The companies say they are using the capital from these sales to help fund the introduction of high-speed Internet, data, and wireless services in their territories. Yet companies that are focused on serving rural communities can provide these types of services more efficiently, the Bells say. However, they are also quick to add that they have no intention of leaving their rural customers in a technological backwater.

"We're not abandoning all of our small markets. We will continue to operate any number of rural communities," said Bill Kula, a spokesman for GTE. "Our commitment is to provide customers with the latest advances in technology regardless of where they live or work."

Smaller and more ambitious
The sales of rural lines has spawned a new breed of telecommunications company--many of them owned and operated by minority investors--that are optimistic about revitalizing rural communities with new services.

DBA Communications, run by a group of Hispanic investors, created the firm specifically to buy portions of GTE's rural network. They hope to expand their reach with other acquisitions, but will first focus on modernizing their newly acquired 400,000 phone lines.

"We have a different vision, a different goal for these communities," said Toney Anaya, an investor in DBA and former governor of New Mexico. The group plans to bring DSL to the communities, in an effort to jump-start the rural communities' participation in the information economy.

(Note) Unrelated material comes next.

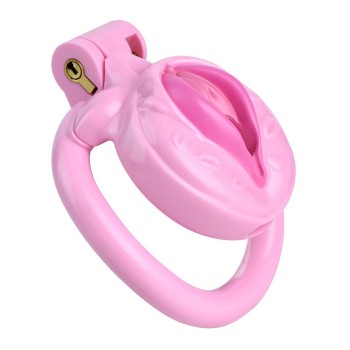 Sissy Cage Pink - Der ultimative Peniskäfig inkl. 4 Ringe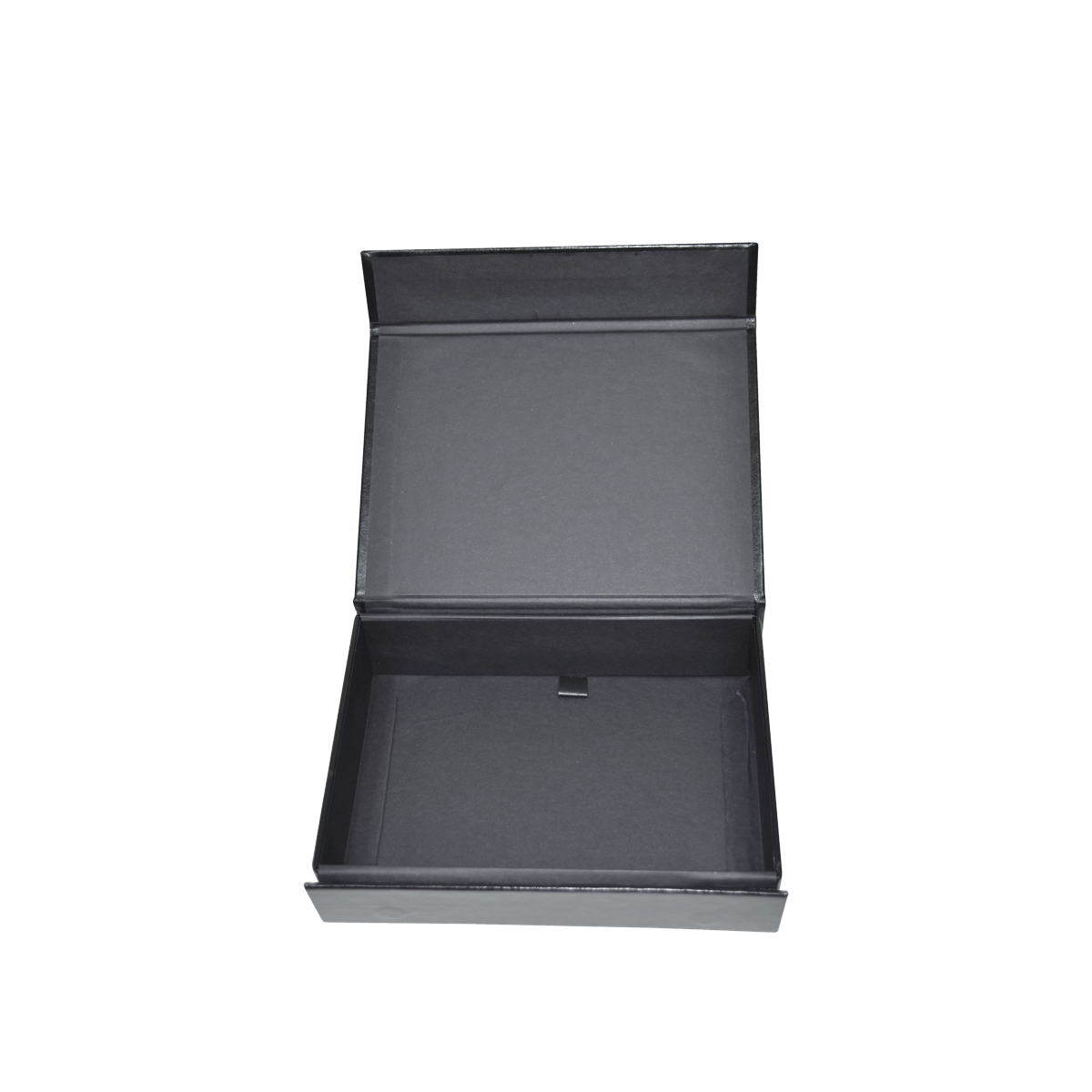 Large Shallow Black Vegan Leather - CustomF2FBox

"This will be very important to the future development of these communities," Anaya said. "Those that don't prepare for the new telecom world will be leapfrogged."

Citizens Utilities, a more established rural telecom provider has similar plans, although the firm says it will take time to modernize much of the network it has acquired from the likes of GTE and US West.

"We've got to make some basic infrastructure investments before we can make those kind of promises," said Brigid Smith, the company's assistant vice president of corporate communications. "In some places, it's more basic than even caller ID and call waiting--things that other areas take for granted."

The transfer of networks to these small companies has been closely scrutinized by state regulators, who worry that newcomers won't have the capital to maintain the existing infrastructure. But for the most part, the firms are well funded--DBA, for example, is backed by more than $8 billion in venture capital, and even grabbed a senior executive from Qwest Communications International to be its chief executive officer.

The companies are keeping their collective eye on long-term prospects, they say. Many of these rural communities are growing quickly, and could become the profitable suburban regions of the future--a process that could be speeded by the addition of a modern telecommunications infrastructure, the companies note.

Smith cites her company's investment in Elk Grove, California--a now-thriving suburban of Sacramento--as an example of rural investments growing well beyond expectations.

Consumer groups have looked at the transfer of these rural phone systems to small companies with some initial skepticism--but agree that the competitive firms will likely do a better job then the large carriers, both with ordinary quality of service concerns and in deploying new high-tech services.

"The factor that they're selling these off is not of special concern to us, because we didn't think they'd roll stuff out there anyway," said Mark Cooper, the lead telecommunications analyst for the Consumers Federation of America.